Qualche intervento forse si può e si deve fare anche sul versante della procedura di gara e del contenzioso che si genera dinanzi al giudice amministrativo. Malgrado il rito processuale in materia di appalti ha certamente subito un’accelerazione, rimane problematica la disciplina delle misure cautelari, le quali, sempre più spesso si risolvono in decisioni che, nel nome dell’interesse pubblico, consentono comunque la stipulazione del contratto rinviando al merito la decisione sulla legittimità dell’aggiudicazione e determinando in questo modo l’effetto di garantire al concorrente che ha proposto ricorso una tutela solo risarcitoria, destinata a risolversi in caso di vittoria nel merito con un aggravio di costi per l’erario e con la certezza che, chi ha nel frattempo eseguito i lavori, non è stata l’impresa più qualificata.

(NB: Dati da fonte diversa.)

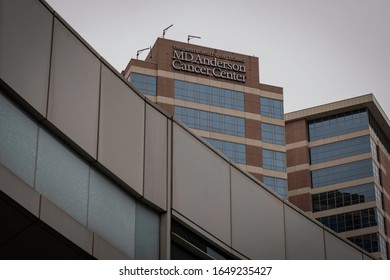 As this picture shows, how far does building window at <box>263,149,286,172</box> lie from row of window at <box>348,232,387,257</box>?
49.9 ft

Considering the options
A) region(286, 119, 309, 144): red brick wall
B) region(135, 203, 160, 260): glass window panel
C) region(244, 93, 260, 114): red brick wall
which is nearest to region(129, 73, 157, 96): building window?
region(244, 93, 260, 114): red brick wall

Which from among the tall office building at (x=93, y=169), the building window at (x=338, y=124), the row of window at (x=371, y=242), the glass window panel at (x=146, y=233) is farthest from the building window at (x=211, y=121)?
the glass window panel at (x=146, y=233)

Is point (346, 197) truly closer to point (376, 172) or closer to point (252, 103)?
point (376, 172)

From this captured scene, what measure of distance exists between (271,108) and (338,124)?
1598 centimetres

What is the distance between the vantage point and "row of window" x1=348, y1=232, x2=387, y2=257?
9894 cm

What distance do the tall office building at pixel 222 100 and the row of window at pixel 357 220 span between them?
13697mm

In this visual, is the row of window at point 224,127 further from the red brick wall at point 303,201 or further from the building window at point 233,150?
the red brick wall at point 303,201

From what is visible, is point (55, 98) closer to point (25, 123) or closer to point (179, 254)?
point (25, 123)

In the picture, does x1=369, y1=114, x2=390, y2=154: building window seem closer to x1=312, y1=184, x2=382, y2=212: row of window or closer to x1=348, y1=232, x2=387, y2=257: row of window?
x1=312, y1=184, x2=382, y2=212: row of window

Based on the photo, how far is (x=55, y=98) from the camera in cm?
1728

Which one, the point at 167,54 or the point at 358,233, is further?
the point at 358,233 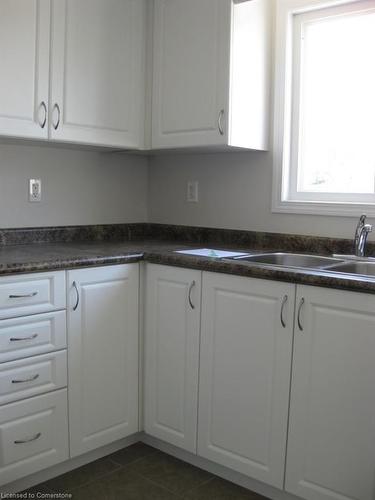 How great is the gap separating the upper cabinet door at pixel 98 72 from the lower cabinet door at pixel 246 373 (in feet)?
2.99

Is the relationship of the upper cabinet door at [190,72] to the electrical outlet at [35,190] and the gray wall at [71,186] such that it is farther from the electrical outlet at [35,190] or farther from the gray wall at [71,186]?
the electrical outlet at [35,190]

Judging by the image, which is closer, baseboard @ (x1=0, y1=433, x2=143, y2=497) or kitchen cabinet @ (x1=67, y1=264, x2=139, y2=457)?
baseboard @ (x1=0, y1=433, x2=143, y2=497)

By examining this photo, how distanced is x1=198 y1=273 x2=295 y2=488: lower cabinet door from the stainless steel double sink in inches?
5.8

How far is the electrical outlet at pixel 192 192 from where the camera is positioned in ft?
10.1

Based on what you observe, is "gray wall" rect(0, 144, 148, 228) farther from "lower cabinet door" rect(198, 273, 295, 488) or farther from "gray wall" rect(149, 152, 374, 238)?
"lower cabinet door" rect(198, 273, 295, 488)

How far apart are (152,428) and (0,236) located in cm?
110

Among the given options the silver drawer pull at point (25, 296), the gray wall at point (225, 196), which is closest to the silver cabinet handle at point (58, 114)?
the silver drawer pull at point (25, 296)

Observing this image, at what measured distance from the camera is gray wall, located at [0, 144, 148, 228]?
2650 millimetres

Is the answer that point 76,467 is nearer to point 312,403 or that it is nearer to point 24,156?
point 312,403

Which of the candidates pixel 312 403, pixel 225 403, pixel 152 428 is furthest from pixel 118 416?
pixel 312 403

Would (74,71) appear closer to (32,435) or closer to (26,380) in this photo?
(26,380)

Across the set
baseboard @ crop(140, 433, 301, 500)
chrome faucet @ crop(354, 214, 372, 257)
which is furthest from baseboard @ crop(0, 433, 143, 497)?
chrome faucet @ crop(354, 214, 372, 257)

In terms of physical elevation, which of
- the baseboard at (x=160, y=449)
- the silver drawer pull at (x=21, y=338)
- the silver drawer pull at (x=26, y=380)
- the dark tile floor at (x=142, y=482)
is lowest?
the dark tile floor at (x=142, y=482)

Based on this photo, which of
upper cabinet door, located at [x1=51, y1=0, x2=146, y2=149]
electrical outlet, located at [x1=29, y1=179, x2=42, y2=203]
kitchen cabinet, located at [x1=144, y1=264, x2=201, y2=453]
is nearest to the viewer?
kitchen cabinet, located at [x1=144, y1=264, x2=201, y2=453] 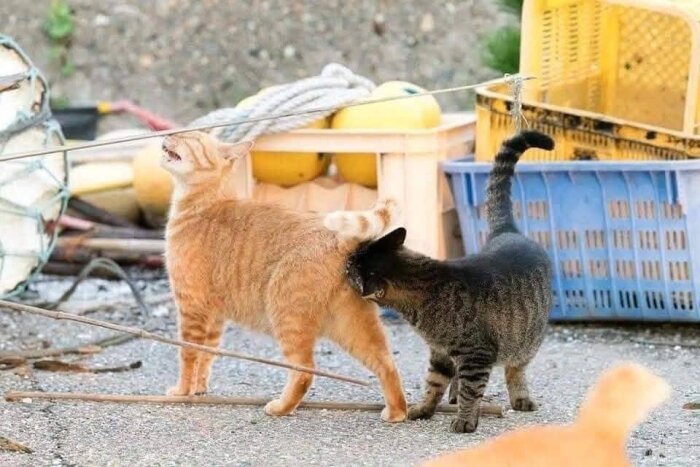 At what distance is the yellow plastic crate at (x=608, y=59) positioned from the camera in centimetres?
491

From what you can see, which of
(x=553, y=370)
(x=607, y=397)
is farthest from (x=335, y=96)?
(x=607, y=397)

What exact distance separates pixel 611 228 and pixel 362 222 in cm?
135

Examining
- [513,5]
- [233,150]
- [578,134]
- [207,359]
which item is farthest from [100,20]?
[207,359]

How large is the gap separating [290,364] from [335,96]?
1.58 meters

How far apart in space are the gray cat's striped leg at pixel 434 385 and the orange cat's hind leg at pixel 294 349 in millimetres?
312

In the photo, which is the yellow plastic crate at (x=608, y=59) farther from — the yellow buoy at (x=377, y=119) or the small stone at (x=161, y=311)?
the small stone at (x=161, y=311)

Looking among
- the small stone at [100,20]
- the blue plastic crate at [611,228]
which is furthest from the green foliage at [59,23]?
the blue plastic crate at [611,228]

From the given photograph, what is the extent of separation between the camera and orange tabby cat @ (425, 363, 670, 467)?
191 cm

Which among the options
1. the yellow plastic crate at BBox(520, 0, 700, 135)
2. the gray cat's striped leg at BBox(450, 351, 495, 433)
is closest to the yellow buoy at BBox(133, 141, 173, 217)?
the yellow plastic crate at BBox(520, 0, 700, 135)

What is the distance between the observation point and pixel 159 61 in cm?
826

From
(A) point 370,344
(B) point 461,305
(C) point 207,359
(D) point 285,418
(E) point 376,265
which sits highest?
(E) point 376,265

Da questo punto di vista si potrebbe, sulla falsariga di quanto già previsto nel codice del processo amministrativo in modo facoltativo, rendere obbligatoria, all’esito della camera di consiglio, una pronuncia nel merito, allorché non sussistano esigenze di integrazione del contraddittorio e di approfondimento delle questioni relative ai fatti. Il più delle volte le impugnazioni dell’aggiudicazione, come ben sanno gli addetti ai lavori, riguardano casi in cui i fatti da accertare sono relativamente semplici e i nodi da sciogliere attengono in modo esclusivo alla interpretazione delle norme.

Infine, con riferimento alla fase esecutiva vera e propria, coerentemente con le premesse prima espresse, si dovrebbe prevedere che l’errore progettuale sollevato dall’appaltatore debba essere accertato in tempi rapidi (trenta giorni per la decisione da parte del Direttore dei lavori e del Rup) e che il progetto di variante debba essere predisposto e approvato entro un termine anch’esso contenuto (trenta o al massimo sessanta giorni per i casi più complessi). Affinché il meccanismo descritto possa ben funzionare è necessario però prevedere che il ruolo di Direttore dei lavori non possa essere affidato al progettista che ha redatto il progetto oppure, nel caso si voglia mantenere la coincidenza dei ruoli, che la valutazione dell’errore progettuale debba essere affidato a un soggetto terzo. Una valutazione oggettiva ed imparziale della sussistenza di tale errore non può prescindere dall’introduzione a livello normativo delle regole indicate.

Modifiche limitate, si dirà, ma che nella realtà della vita produttiva incrociano buona parte delle problematiche che sono all’origine del malfunzionamento del sistema degli appalti e del fenomeno dei cantieri fermi. Risolvere i conflitti di interessi, responsabilizzare imprese e funzionari pubblici (cui andrebbero peraltro riconosciuti adeguati incentivi di professionalità), evitare effetti perversi della tutela cautelare, potrebbero essere passi importanti per tratteggiare il profilo di gestione amministrativa della rinascita, di cui questo paese ha disperato bisogno.